Exercise aim: Among the lines below, take the one holding "Certified 2023 Chevrolet", the one holding "hughxjackman:make me choose: anonymous", and all lines between them. Set them down exactly.

Source data:
↓↓↓

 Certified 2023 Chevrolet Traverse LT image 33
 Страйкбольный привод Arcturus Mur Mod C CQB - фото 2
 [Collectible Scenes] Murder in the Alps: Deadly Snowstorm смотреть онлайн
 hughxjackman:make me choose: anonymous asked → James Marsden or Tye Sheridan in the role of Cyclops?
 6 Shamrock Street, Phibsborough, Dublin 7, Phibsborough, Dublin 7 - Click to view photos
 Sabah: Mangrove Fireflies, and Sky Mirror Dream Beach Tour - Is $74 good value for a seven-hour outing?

↑↑↑
↓↓↓

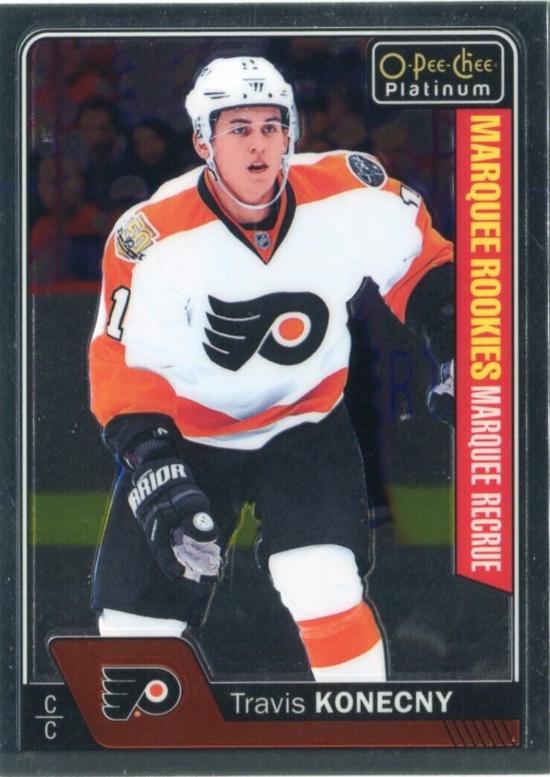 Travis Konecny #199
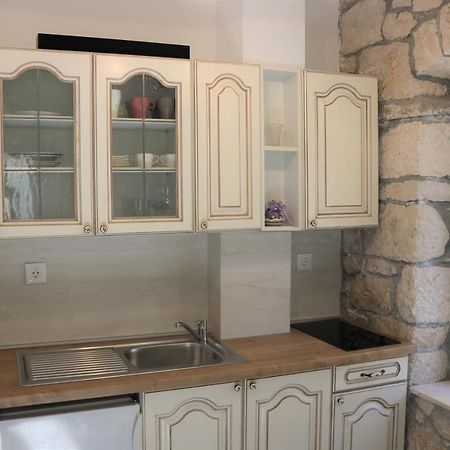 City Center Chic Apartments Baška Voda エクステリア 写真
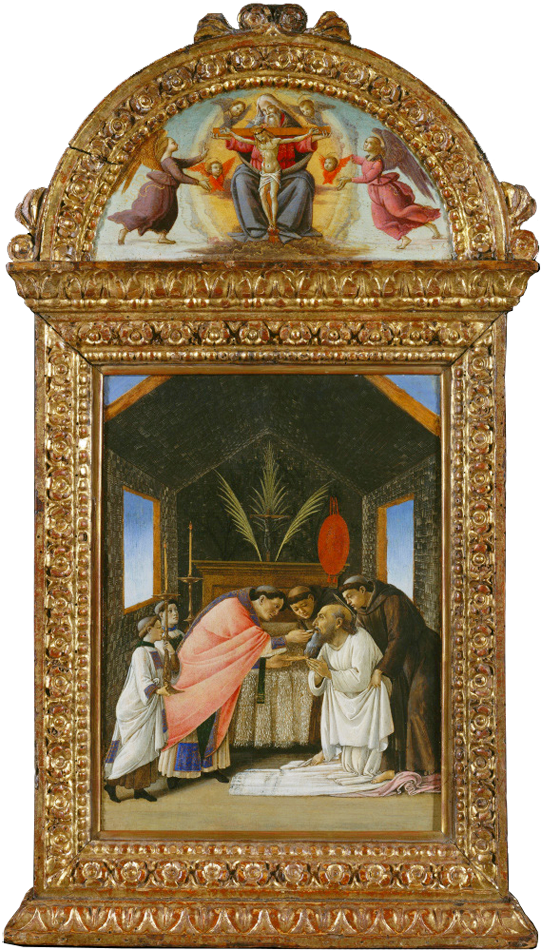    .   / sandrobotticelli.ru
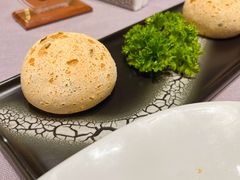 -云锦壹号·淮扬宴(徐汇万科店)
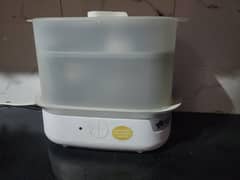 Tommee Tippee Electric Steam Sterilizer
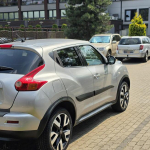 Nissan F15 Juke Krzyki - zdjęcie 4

↑↑↑

Written response:
 Certified 2023 Chevrolet Traverse LT image 33
 Страйкбольный привод Arcturus Mur Mod C CQB - фото 2
 [Collectible Scenes] Murder in the Alps: Deadly Snowstorm смотреть онлайн
 hughxjackman:make me choose: anonymous asked → James Marsden or Tye Sheridan in the role of Cyclops?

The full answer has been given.